中国3隻目の空母「福建」、初の試験航海で出港…20日発足の台湾新政権をけん制か
1日、初の試験航海に臨む中国の空母「福建」=新華社AP
【北京=東慶一郎】中国国営新華社通信によると、中国軍3隻目の空母「福建」は1日、初の試験航海を行うため、上海の造船所を出港した。中国海事局は東シナ海の一部海域を9日まで航行禁止としており、この海域で空母の動力や電力システムを検査しているとみられる。

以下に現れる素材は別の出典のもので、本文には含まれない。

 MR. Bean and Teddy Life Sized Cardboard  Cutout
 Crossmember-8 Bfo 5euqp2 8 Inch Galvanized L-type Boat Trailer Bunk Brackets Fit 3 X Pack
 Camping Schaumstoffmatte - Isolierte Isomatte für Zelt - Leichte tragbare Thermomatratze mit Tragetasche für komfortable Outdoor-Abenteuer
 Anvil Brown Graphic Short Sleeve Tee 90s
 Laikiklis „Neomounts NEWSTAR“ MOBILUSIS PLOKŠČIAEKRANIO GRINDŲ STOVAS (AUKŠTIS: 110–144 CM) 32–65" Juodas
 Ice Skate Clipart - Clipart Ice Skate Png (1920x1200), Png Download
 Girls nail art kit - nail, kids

福建は、台湾有事になれば台湾東側の海域に展開し、米軍の接近を阻止しつつ、台湾軍の基地を攻撃する役割を担うとみられている。この時期に試験航海を始めたのは、20日に発足する台湾・民進党の頼清徳(ライチンドォー)政権をけん制する狙いもありそうだ。
福建は、中国軍の空母では「遼寧」(2012年9月就役)、「山東」(19年12月就役)に次ぐ3隻目となる。満載排水量は約8万トンに及び、米軍空母に迫る規模を持つ。最大の特徴は、リニアモーターカーの原理で艦載機を射出する電磁式カタパルトを初めて採用した点で、射出する機体に合わせて発射速度を調整できる。遼寧と山東ではできなかった早期警戒機の艦載が可能とされる。
早期警戒機が空母で運用できると、海上から広範囲の対空目標を探知できるため、作戦能力が向上する。台湾有事で米軍の増援部隊を阻止する中国軍の戦略「接近阻止・領域拒否(A2AD)」にも寄与する。
「空母3隻体制」になる利点も大きい。中国の軍事専門家は1日、中央テレビに出演し、「1隻が補修、1隻が訓練をしていても、常に1隻は重要な海域に配置できる」と強調した。
試験航海は通常、10回程度行われる。中国英字紙チャイナ・デイリー(電子版)によると、遼寧は10回、山東は9回だった。その後、問題がなければ就役するが、遼寧は最初の試験航海から1年1か月かかり、山東は1年7か月を要した。福建は、「新技術が多いため、試験航海に要する期間は長くなる」(中国の軍事専門家)とみられている。
福建については、ここまで必ずしも順調に進んでいないとの見方もある。福建が進水したのは22年6月で、試験航海の開始まで2年弱かかった。関係者によると、長期間、甲板上にある3本のカタパルトにはカバーが掛かっていた。中国海軍に詳しい笹川平和財団の小原凡司・上席フェローは「通常より時間がかかっており、電磁式カタパルトに問題が生じていた可能性が高い。艦載機の運用を含めた戦力化には時間がかかるだろう」と推測する。
膨大な電力を消費する電磁式カタパルトは現在、米軍の原子力空母「ジェラルド・フォード」だけが実用化に成功している。通常動力を採用する福建が必要な電力をスムーズに供給できるのか疑問視する声も多い。